Je ne sais pas vraiment combien de temps je l’ai regardée,
pas très longtemps, mais à un moment où tout le monde
vaquait à son ennui, immobile dans sa solitude, je regardais
intensément cette jeune femme, qui certainement sous le poids
de celui-ci se retourna sans hésiter un instant et fixa son
regard intense dans le mien.
La rame s’est mise à ralentir, la jeune femme scrute le fond
de mon âme tout en attrapant le loquet d’ouverture de la porte.

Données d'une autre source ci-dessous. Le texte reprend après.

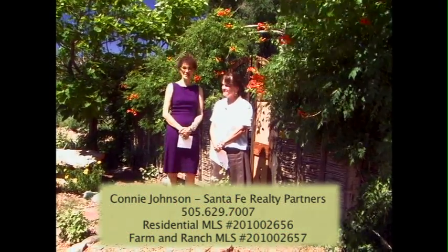If you're interested in this property, please contact Connie Johnson at Santa Fe Realty Partners.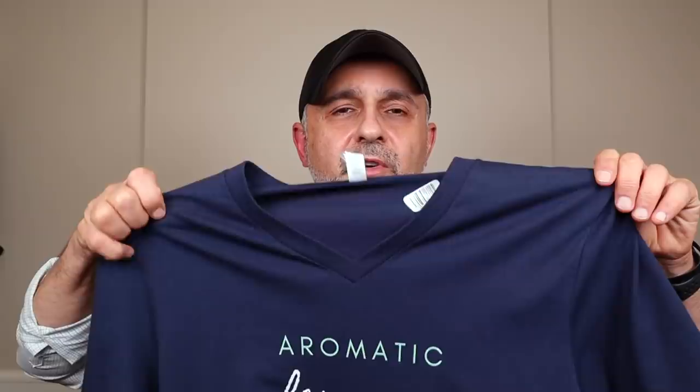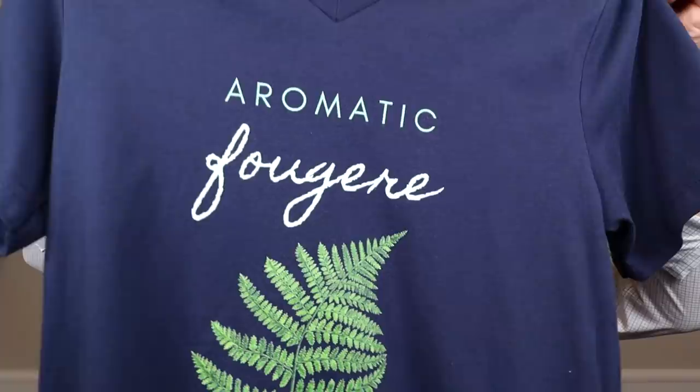I do want to mention my Aromatic Fougere t-shirt. If you're a fan of aromatic fougere fragrances, you might want to check this t-shirt out. It's got a beautiful fern leaf on it — fern is basically fougere in French — and it would make a great companion to your fougere fragrance wearing days out.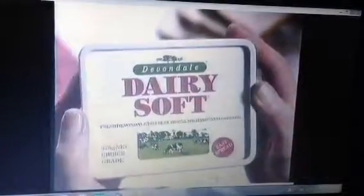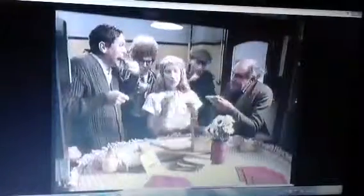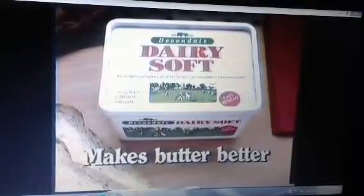Well, what's this? Dairy Soft! Dairy Soft? Devondale Butter, churned with sunflower oil. That makes it easier to spread. It has the natural taste of butter, and Dairy Soft has 15% less cholesterol than regular butter. The word is spreading. Dairy Soft makes butter better.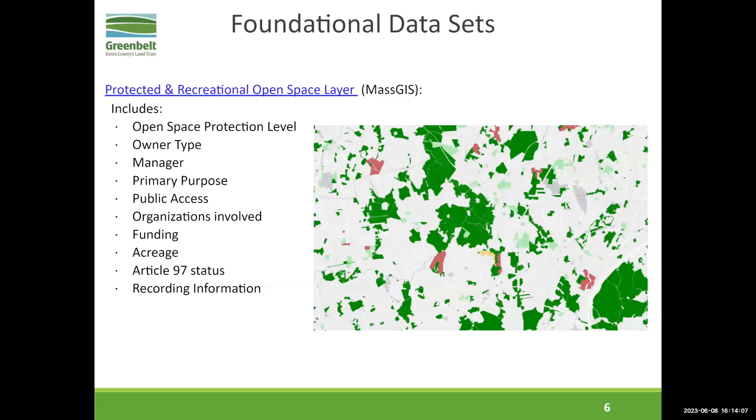Another foundational data set in Massachusetts is the MassGIS protected and recreational open space layer. The most important thing — and I see a lot of people confuse this — is that it's not all protected. The dark green is permanently protected, but the red, orange, and light green are limited protection, no protection, or term-limited protection. So it's really important when you use this data that you look at the level of protection field. Because sometimes you might get a golf course and it has no protection at all. This is a very powerful data set — it has the primary purpose of the property, whether there's public access, Article 97, and all sorts of really useful information.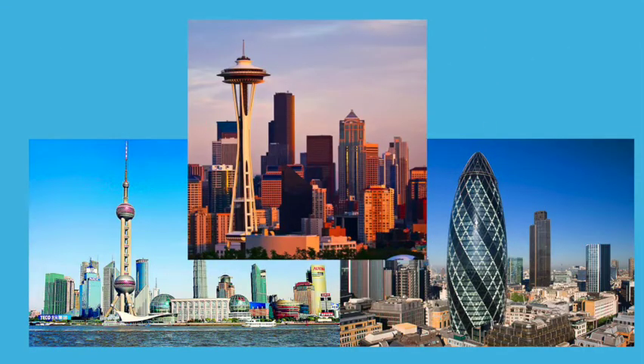Step 1. Look at the pictures of famous towers around the world. What do you notice? How are they similar? How are they different?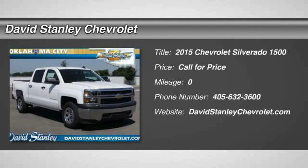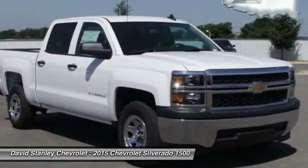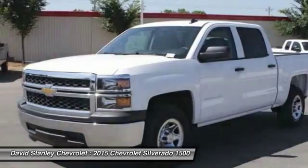The 2015 Silverado 1500. The Chevy Silverado 1500 has the lowest cost of ownership of any full-size pickup. Here are some of this vehicle's great options.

Au moment précis ou la porte s’ouvrit et qu’elle tourna la tête
pour descendre du wagon, j’ai eu l’impression de mettre les
doigts dans une prise de courant, j’ai repris mes esprits alors
que la rame quittait la station à laquelle j’aurais dû également
descendre.
Ce soir-là, de retour du travail, dans mon métro, je recherchais mon inconnue. Peut-être rentre-t-elle par le même métro
que moi ?
Poitrine serrée, mains moites, et livre tirebouchonné,
j’espérais l’apercevoir, mais la magie du matin ne se reproduisit pas.
En remontant ma rue, dans le noir de cette nuit naissante, je
ne pensais qu’à elle, ma nouvelle amie.
Rarement, à vrai dire jamais, je n’ai éprouvé ce sentiment
d’amour éperdu, presque physique envers une fille, même
d’une superbe fille, non jamais, même pas en rêve.